Advice on restructuring

Ive inherited a table called contacts which is used throughout the site. There are a lot of duplicates in this table we want to remove(i.e. the email field was not set to unique so multiple accounts were created etc etc).

The plan is to select the contact we want to keep and then select the ones we want to remove and transfer the needed data over before deleting the unwanted records. The trouble with this is that there a lots of associated tables, complexed self referential joins etc that the contacts table relates to. If its not done correctly then further down the line there could be serious issues as data may be lost etc...

A thought of mine was to simply merge them but instead of deleting the record we would point it to the main record we are keeping and then set the records we dont need to "inactive" or something so we know they are no longer used and point to an active record.

I can think of how to set it this up in the table but can anyone think of a super cool way to make sure the inactive record always returns the active record it points to when ever it its referenced or needed?

Any advice appreciated,


I don’t think you’re realistically going to avoid having a huge headache if you don’t do the migration correctly the first time. And if you try to hack in some automatic record reconciliation logic into your system, you will forever pay the price of that in terms of application complexity, performance, inflexibility, and unmaintainability moving forward.

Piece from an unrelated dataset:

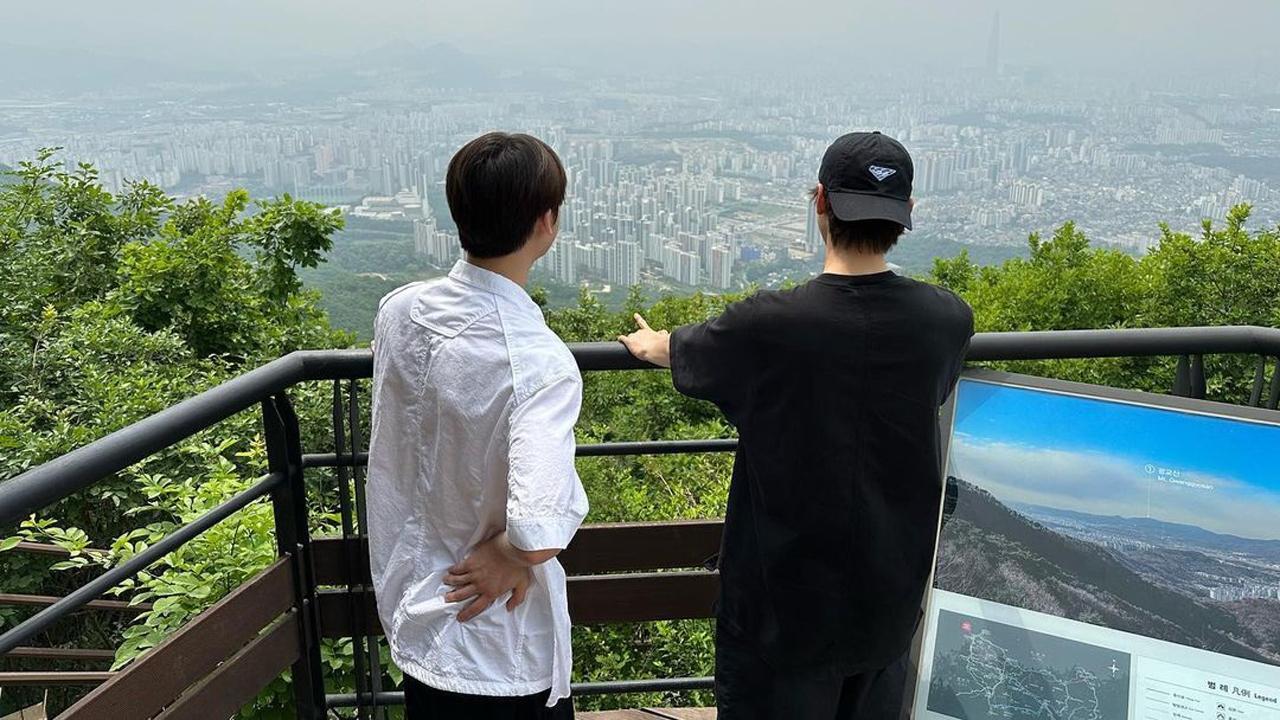 ASTRO's Cha Eun woo and Sanha visit late Moonbin's memorial space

My recommendation is to make extra sure your migration logic from the old schema/table to the new one is 100% correct, then backup your DB, do your migration, and live a happy new life. Get your data clean, don’t hamper yourself trying to sit on the fence between fixing the data and leaving it in a broken state.

Also, I’m not aware of any technology (Rails or DB-level) which will let you somehow automatically alias old rows to new rows when doing joins. Joins are not that smart. You’d probably need to write custom SQL which gets the initial results, then checks them for bad rows, then patches in correct data where needed, etc. It’d be a mess!

my 2c